И тут раздается сильный стук в сенную дверь.
Тетя Лиза очень пугается, а девушки с ликованием бросают вязание на диван, выскакивают на кухню, открывают дверь, ведущую в сени, и там слышится их дуэт:
— Кто это? Вам кого?
— Вас, — отвечают с улицы.
Следует перекличка через сени, уточнения, шутки, слышатся ломкие басовитые голоса вперемежку с завыванием бурана. Оказывается, пришли парни — Генка и Юрка, живущие неподалеку отсюда.
— Подождите! — кричат им Оля и Света и хватаются за свои пальто.
— Вы куда? — слышится строгий оклик.
— В сенцах постоим, теть Лиз.
— Вот так, в одних пальтишках? Да вы с ума сошли? Застудите там у себя все, потом за всю жизнь не расхлебаете, — сердито выговаривает им она, шуруя в печи кочергой.
— Теть Лиз, мы ненадолго.
— Не пущу, — говорит она и, не оставляя кочерги, решительно встает у двери, как сторожевой стрелец с секирой. И слышится ее строгий голос:
— Вы хоть штаны надели?
Они отвечают утвердительно. Но она им не верит и требует:
— Покажите!
Они отнекиваются, нерешительно топчутся, смущенно смеются. Потом показывают.
— Да каки это штаны, — возмущается тетя Лиза. — Это летни трусы. Ну-ка наденьте теплы.
Помявшись, они достают и надевают теплые панталончики. А заодно и гамаши. И теплые кофты.
В течение последующего часа тетя Лиза орудует возле плиты, пробует варево, досаливает, кладет приправы, заваривает свежий чай.
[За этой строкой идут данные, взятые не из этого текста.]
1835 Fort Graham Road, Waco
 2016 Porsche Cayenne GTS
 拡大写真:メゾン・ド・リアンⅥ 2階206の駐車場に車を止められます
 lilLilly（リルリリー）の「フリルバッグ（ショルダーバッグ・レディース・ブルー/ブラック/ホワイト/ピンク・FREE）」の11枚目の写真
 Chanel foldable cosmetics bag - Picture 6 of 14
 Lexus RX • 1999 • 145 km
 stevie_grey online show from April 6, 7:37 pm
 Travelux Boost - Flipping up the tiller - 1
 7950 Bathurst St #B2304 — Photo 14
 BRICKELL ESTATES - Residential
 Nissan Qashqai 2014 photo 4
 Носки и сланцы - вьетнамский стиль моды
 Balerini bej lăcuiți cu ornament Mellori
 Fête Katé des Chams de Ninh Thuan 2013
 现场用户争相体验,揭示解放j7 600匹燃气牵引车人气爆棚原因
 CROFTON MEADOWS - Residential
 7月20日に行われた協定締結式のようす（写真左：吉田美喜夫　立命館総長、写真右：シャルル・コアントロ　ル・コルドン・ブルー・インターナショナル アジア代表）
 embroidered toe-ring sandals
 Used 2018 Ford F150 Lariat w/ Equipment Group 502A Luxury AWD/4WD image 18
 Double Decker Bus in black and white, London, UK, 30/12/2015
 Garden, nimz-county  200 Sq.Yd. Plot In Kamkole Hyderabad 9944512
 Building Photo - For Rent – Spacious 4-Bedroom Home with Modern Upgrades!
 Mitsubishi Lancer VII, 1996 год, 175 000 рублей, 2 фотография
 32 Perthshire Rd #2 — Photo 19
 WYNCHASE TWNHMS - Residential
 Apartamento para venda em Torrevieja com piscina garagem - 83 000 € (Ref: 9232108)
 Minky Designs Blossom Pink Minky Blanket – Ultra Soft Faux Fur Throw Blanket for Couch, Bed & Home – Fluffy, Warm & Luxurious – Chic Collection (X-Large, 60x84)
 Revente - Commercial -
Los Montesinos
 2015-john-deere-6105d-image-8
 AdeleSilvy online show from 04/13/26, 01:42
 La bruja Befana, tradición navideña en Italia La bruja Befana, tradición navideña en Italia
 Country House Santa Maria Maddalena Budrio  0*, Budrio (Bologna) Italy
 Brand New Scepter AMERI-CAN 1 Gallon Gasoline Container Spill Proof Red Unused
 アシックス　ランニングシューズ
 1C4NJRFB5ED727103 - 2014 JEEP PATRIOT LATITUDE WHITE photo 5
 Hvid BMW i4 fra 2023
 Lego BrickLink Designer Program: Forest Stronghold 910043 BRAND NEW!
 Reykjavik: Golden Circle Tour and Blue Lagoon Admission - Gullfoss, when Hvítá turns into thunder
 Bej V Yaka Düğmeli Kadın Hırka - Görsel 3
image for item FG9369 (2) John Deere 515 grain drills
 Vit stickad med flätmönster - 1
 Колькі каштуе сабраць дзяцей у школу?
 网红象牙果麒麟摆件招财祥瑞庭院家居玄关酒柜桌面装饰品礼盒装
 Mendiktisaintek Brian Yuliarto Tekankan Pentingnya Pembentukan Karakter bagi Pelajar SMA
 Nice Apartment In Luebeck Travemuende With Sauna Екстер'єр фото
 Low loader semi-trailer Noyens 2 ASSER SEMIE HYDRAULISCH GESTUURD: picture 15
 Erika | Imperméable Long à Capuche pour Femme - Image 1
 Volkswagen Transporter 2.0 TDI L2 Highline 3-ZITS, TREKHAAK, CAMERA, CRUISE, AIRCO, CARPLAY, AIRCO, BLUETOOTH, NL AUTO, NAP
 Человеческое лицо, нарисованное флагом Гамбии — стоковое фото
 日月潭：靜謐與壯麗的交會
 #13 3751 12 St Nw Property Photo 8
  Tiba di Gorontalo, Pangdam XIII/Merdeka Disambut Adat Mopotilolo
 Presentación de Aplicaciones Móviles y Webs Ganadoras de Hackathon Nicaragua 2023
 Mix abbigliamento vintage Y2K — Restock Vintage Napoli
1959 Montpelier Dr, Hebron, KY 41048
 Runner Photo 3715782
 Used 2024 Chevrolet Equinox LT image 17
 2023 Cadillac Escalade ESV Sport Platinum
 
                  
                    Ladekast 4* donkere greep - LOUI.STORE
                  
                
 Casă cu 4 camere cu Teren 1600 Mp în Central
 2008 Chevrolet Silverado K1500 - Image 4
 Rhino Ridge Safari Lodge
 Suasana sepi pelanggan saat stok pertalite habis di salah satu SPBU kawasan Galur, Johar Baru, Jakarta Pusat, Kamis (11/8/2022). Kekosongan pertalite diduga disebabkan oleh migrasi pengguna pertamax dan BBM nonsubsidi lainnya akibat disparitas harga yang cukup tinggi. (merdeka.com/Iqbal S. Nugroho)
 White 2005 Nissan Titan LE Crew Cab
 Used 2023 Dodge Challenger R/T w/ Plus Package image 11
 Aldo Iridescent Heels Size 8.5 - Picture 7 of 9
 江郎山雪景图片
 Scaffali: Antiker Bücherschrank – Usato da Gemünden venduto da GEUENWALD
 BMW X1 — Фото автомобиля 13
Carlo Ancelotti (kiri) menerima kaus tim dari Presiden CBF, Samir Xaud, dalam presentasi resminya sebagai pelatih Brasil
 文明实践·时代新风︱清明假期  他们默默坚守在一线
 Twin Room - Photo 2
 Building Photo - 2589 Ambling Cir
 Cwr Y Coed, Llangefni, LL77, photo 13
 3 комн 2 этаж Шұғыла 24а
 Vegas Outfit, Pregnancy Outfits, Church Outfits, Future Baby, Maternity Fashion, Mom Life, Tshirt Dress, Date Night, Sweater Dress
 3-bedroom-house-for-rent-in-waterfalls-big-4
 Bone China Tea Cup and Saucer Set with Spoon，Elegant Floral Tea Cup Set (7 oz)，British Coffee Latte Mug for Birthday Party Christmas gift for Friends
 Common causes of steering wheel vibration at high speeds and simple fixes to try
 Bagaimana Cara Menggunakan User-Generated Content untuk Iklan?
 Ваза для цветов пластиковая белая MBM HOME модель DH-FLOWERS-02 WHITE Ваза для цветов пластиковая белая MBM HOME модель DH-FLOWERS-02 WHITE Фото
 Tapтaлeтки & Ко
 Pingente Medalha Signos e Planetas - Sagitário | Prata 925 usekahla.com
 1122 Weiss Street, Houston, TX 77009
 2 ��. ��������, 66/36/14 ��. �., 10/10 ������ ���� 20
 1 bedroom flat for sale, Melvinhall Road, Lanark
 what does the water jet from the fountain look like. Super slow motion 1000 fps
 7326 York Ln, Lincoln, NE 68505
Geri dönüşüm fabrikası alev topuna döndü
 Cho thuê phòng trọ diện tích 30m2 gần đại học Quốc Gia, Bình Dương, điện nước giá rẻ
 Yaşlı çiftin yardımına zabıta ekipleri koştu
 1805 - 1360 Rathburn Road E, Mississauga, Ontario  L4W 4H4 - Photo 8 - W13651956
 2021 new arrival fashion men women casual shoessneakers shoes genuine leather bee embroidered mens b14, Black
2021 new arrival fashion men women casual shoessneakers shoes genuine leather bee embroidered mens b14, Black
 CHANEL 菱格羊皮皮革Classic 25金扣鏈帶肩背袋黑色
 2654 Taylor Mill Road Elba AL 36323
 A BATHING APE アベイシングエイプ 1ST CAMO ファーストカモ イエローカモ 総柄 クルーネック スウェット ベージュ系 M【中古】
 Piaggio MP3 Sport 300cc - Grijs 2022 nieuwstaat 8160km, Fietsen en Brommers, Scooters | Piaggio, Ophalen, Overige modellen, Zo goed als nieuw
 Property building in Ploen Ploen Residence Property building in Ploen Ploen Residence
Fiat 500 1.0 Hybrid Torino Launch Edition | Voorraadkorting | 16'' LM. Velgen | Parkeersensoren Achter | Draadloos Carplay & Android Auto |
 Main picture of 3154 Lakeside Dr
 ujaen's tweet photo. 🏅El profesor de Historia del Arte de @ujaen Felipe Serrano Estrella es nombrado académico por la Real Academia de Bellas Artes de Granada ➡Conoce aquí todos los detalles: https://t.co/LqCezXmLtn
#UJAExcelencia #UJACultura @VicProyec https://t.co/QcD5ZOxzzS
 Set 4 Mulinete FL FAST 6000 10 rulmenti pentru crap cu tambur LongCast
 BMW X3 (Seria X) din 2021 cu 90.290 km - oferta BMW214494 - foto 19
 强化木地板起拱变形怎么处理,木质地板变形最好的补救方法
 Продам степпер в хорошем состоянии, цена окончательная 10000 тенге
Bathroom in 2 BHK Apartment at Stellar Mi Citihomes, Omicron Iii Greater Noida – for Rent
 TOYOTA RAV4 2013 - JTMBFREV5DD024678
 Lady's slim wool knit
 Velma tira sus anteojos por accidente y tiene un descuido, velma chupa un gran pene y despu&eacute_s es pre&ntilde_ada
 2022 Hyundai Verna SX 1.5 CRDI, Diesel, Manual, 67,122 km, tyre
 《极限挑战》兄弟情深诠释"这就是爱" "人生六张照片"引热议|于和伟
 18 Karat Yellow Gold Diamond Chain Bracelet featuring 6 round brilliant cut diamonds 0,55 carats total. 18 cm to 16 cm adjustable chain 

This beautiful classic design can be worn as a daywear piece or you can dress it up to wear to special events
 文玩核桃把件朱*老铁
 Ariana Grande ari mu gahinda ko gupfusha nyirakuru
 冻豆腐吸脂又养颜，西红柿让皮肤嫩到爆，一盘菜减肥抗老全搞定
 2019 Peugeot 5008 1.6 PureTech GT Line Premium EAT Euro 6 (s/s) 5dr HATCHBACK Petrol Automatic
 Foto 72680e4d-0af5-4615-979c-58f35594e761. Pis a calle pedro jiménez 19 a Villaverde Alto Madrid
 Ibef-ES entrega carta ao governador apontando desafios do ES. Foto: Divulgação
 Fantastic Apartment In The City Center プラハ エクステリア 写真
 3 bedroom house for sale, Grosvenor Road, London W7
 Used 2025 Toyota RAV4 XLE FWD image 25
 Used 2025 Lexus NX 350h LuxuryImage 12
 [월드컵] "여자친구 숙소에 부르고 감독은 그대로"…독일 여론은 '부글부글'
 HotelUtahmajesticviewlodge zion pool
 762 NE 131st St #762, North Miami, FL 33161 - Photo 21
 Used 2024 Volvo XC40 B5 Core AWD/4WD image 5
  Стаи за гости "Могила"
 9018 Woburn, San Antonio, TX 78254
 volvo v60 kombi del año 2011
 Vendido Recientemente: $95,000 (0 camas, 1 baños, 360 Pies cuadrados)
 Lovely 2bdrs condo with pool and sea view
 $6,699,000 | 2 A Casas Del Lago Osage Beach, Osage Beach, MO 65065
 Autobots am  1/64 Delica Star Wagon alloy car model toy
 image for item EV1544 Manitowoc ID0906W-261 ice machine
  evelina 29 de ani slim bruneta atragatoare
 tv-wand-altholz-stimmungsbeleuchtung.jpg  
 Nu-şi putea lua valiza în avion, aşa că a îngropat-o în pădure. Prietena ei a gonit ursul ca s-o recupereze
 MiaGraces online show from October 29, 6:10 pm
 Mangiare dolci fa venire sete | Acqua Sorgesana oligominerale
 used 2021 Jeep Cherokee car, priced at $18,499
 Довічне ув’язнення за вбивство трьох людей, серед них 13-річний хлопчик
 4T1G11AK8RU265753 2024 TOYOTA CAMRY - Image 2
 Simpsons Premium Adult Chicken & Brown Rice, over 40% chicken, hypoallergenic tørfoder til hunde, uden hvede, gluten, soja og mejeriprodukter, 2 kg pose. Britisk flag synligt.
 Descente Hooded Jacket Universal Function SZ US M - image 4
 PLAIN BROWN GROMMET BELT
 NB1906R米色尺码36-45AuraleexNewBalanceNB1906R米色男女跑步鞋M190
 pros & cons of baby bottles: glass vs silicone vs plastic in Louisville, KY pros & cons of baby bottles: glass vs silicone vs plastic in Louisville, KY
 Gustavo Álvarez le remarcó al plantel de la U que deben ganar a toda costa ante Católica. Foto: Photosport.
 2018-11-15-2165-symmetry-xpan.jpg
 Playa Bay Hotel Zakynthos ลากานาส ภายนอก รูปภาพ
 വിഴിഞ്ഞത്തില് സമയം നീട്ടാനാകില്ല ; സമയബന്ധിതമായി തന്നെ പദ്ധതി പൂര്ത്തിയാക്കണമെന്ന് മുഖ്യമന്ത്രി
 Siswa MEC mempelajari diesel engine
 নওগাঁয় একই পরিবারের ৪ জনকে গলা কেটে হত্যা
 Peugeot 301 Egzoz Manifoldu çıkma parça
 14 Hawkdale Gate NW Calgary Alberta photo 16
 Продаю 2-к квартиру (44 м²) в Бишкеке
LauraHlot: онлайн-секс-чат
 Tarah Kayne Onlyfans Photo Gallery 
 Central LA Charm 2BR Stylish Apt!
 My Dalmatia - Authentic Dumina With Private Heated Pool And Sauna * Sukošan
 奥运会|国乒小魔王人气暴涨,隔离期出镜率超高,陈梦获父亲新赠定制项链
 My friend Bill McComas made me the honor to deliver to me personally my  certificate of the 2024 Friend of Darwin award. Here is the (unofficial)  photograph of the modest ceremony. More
Из сеней слышится приглушенный говор, смех, временами поднимается писк, затевается возня, потом опять тихий разговор. С улицы доносится теперь уже ровный гул вовсю расходившейся метели, в окна густо лепит снег. В печи все прогорело. Там слоистый жар, синие огоньки, и тетя Лиза слегка пододвигает заслонку. Все дела у нее на сегодня сделаны, ей хочется спать, но она не ложится из-за Оли и Светы. Несколько повременив, открывает дверь в сени и говорит:
— Ну-ка, ребяты, по домам. Девчатам завтра вставать рано.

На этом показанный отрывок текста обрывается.